A second objection might be that it is appropriate for some important services to be valued and incorporated in measures of output and income even though there are no market prices upon which to base those values. Key examples could be the value of housing to owner occupiers and the value of public services, both of which are currently included in estimates of output and income.

However, it could plausibly be argued in response that the value of the services provided by an owner-occupied house are very similar to those provided by an equivalent rental property. And in the case of public services, measures of output are often available, which can be used, in combination with measures of input costs, to produce estimates of value. Therefore, in these cases, there are reasonably good proxies for market values.

Furthermore, the failure to incorporate in measures of output and income the value of the services provided by owner-occupied housing and of public services would result in a severe loss of international comparability for measures of output and income and a reduction in comparability over time.

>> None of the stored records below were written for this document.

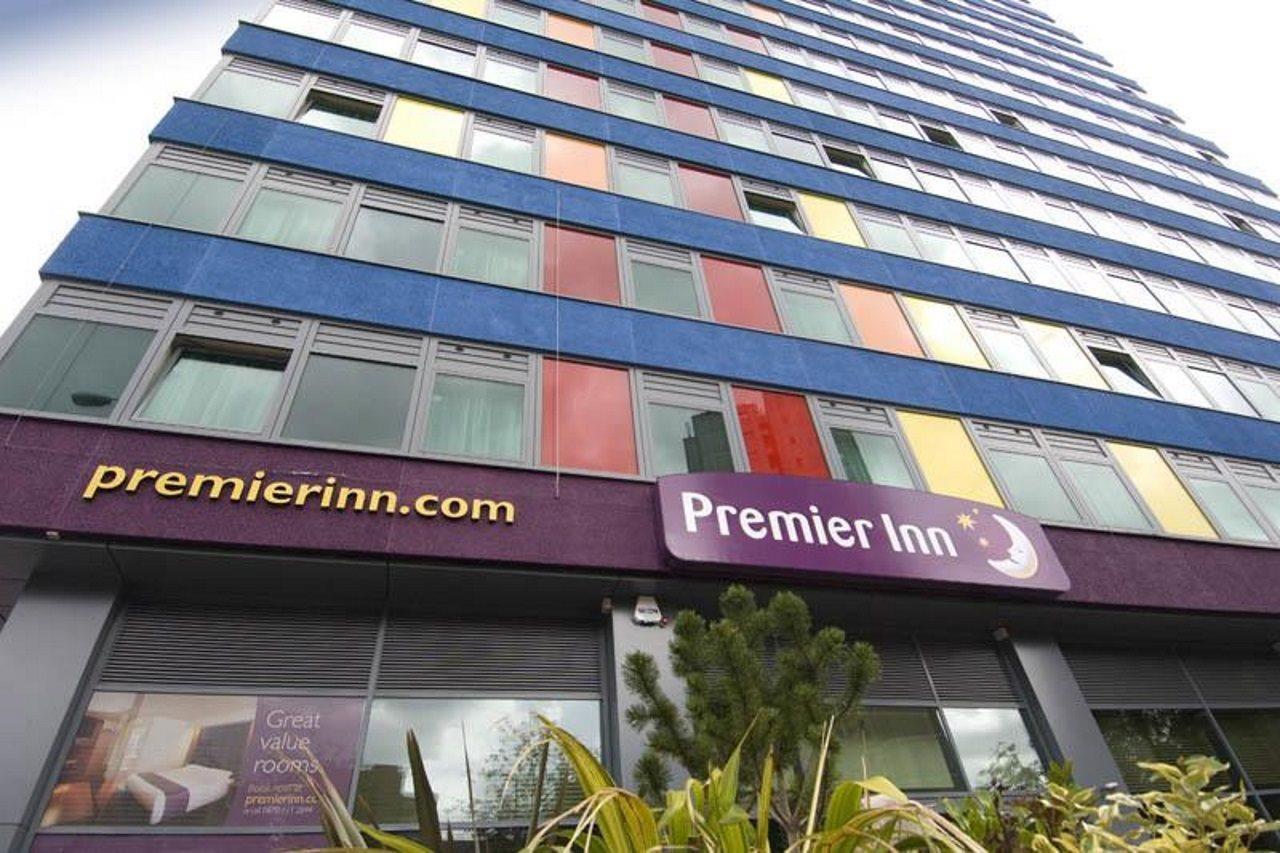 Premier Inn Leicester City Centre Exterior photo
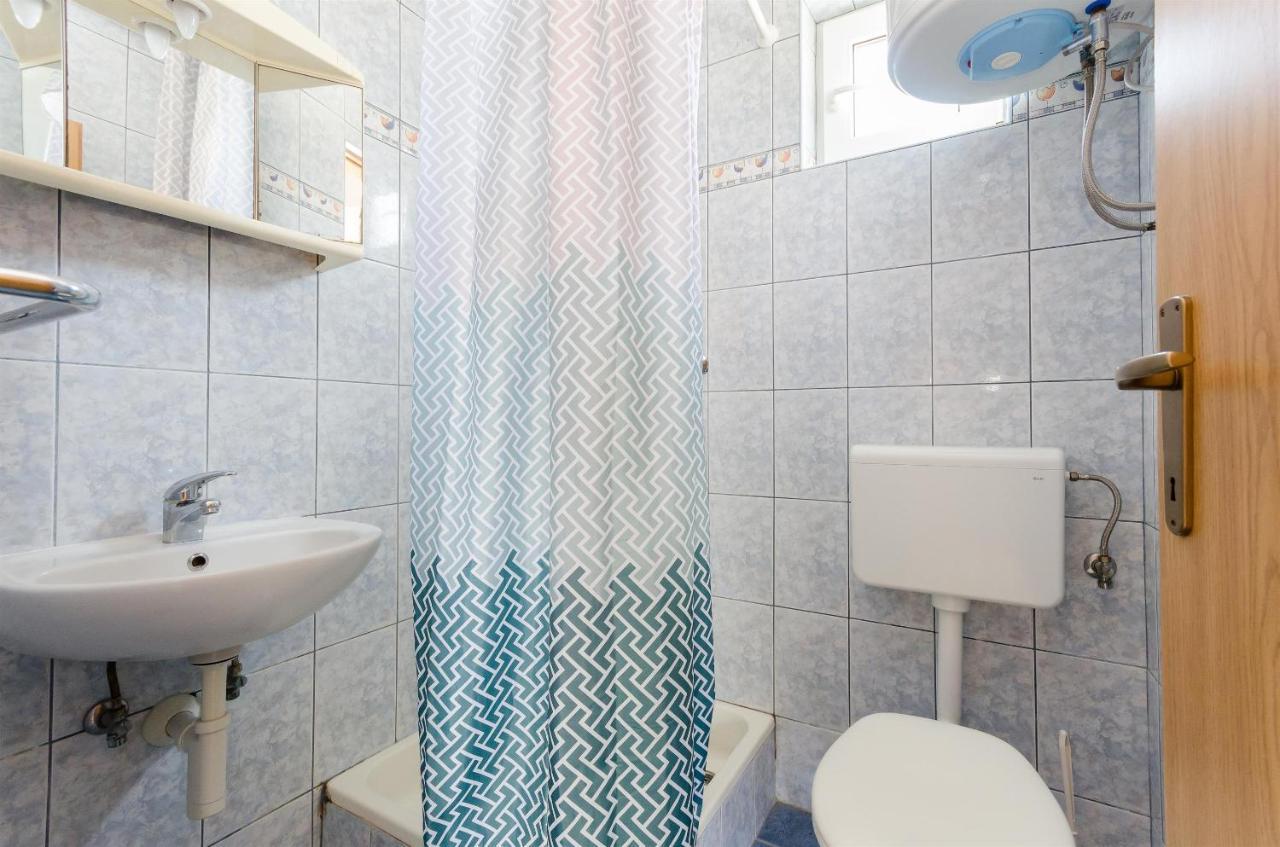 לופאר Apartments Ester מראה חיצוני תמונה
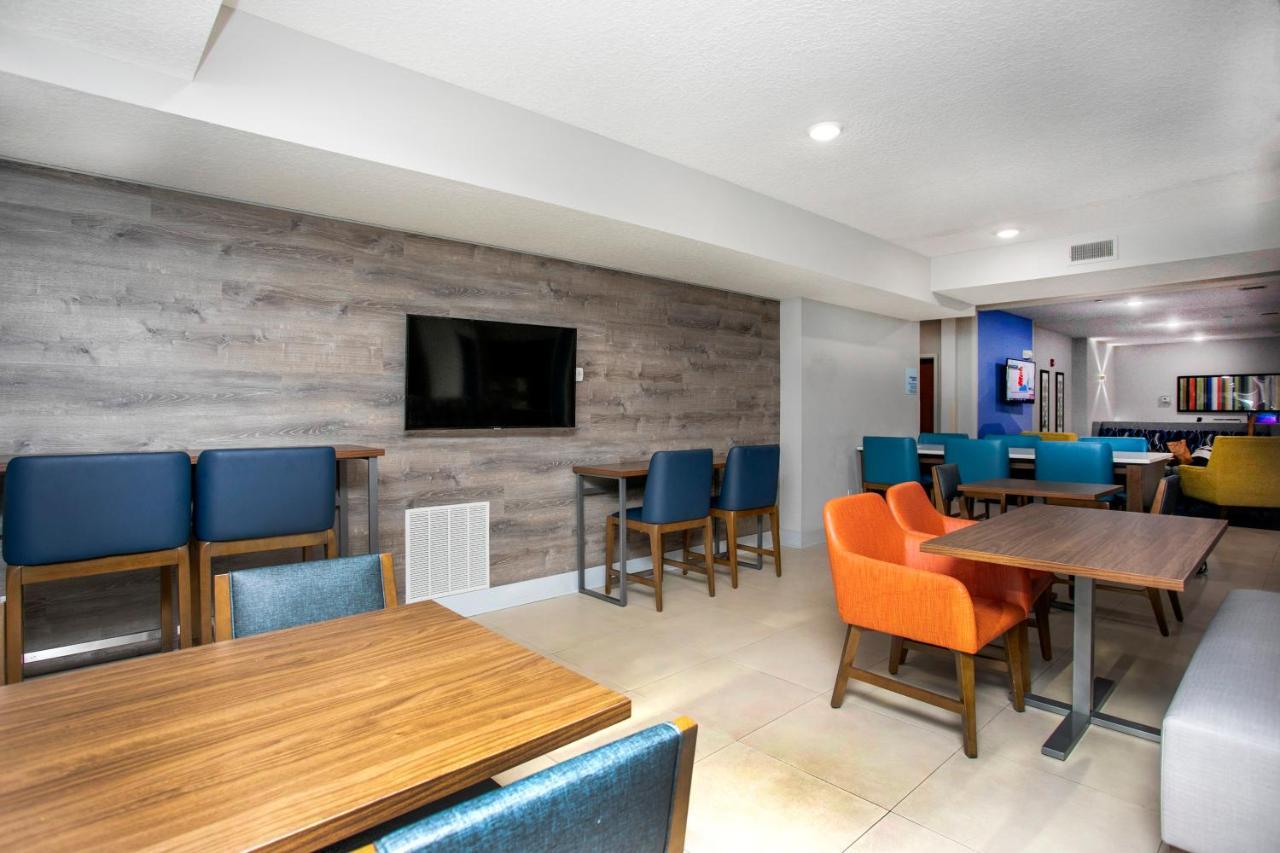 Express & - Atlantic By Ihg Hotel Jacksonville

Therefore, the key issues seem to be: first, whether inter-personal activities carried out within households are more like the case of companionship or more like the cases of housing and public services in respect of the presence of psychological benefits, and second, the relative significance of the effect on comparability of exclusion from aggregate measures.

People could reasonably differ in their responses on these issues. Responses may depend in part on the values people hold and on the purposes for which they wish to use any results. (Consider for example the likely differing needs of those undertaking short term economic management and those who wish to assess longer run socio-economic trends.)

Finally, it is worth also noting an important, but not insuperable, practical challenge that would be faced if it were desired to incorporate measures of intra-household activity into “headline” indictors of income and output.

The current estimates of the value of household activities, as incorporated in the ONS’s measure of inclusive income (part of the “Beyond GDP” agenda commended in Ed’s blog) are derived from time use as reported in the experimental Time Use Survey. This requires participants to maintain a diary for two days, is undertaken on annual basis, and currently has, I believe, an achieved sample size of around 3,000. Presumably any attempt to include the value of household activities within other headline measures of output and income would require a greatly expanded and more frequent survey, and at a time when the response to household surveys has become problematic.

I am not sure that any definite conclusions follow from these reflections, other than perhaps that measurement and valuation in this area seems highly problematic, certainly in principle, but probably also in practice.